According to the Vegan Society, “veganism is a way of living which seeks to exclude, as far as is possible and practicable, all forms of exploitation of, and cruelty to, animals for food, clothing or any other purpose.”
With figs being pollinated by a fig wasp that dies in the process, many argue that figs can’t be vegan.
According to this school of thought, the vegan lifestyle includes doing away with everything and anything derived from animals, whether intentional or not, and this includes figs.
As far as this school of thought is concerned, the pollination of figs implies that every fig contains the remains of at least one dead wasp, and wasps being an animal, should not be consumed by a vegan.
On the other hand, another group argues that the relationship between figs and fig wasps is an incident of nature, not staged or influenced by an outside source. So, whether or not they don’t eat figs, the pollination of figs, which includes the death of fig wasps, will still occur, being an event uncontrolled by outside forces.
What Happens to the Remains of the Dead Fig Wasp?
Figs contain a protein-digesting enzyme called Ficin, which totally breaks down and digests the wasp’s body.

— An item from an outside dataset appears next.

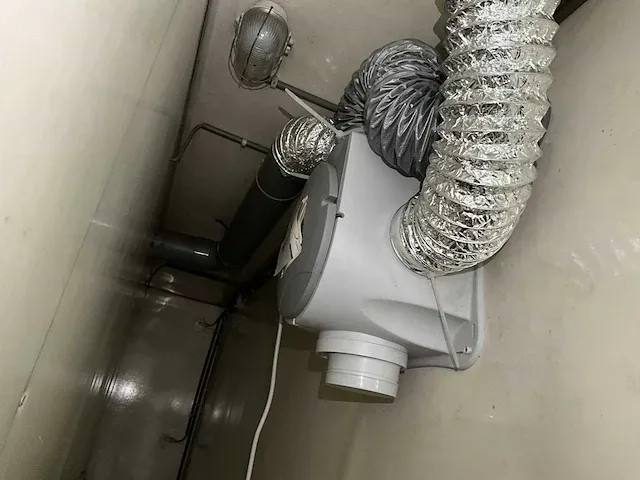 Sanitair unit toiletten - afbeelding 21 van  29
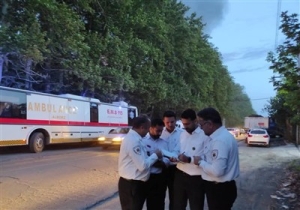 تصویر مصدومیت 8 نفر در آتش‌سوزی ‌کارخانه چسب کرج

This enzyme is present in the walls of the fig and ultimately breaks down the wasp, so nothing of it is left.
It’s just like how cows eat grass or how plants can use the remains of a decayed dead animal as manure; either way, you’re not eating grass when you eat cow meat or taking in decayed animal flesh when you eat these plant-based foods.
The same goes here as well. The crunchy parts of the fig aren’t the remains of a dead wasp, as the body of the wasp would’ve been completely broken down by the Ficin enzyme long before you eat the fig.
More importantly, the relationship between figs and fig wasps is wholly natural and beneficial to each party involved; the fig and fig wasp, not being manoeuvred by any outside sources.
Furthermore, if we’re talking about the incidental death of animals, many plant-based foods, considered vegan, might be found to involve the accidental death of animals in their production.
A good example is the incidental death of rats involved in the harvesting of wheat grain. According to PETA, a truly vegan diet should have no attachment of animal cruelty to it, whether passive or active.
But then, the question of how far we should take this statement has been asked. Bees pollinate fruit trees, so are these fruits now non-vegan?
Do I Need to Give Away My Beloved Figs?
For a vegan who sees everything in black and white and seeks to avoid anything and everything that has to do with animals and animal death, whether caused intentionally or unintentionally by human involvement or by nature, figs are not vegan to such a person.
However, if you see figs as an end-product of nature, whose pollination is entirely a work of nature outside the intervention or control of external sources, then figs are vegan. So ultimately, it depends on the type of vegan you are!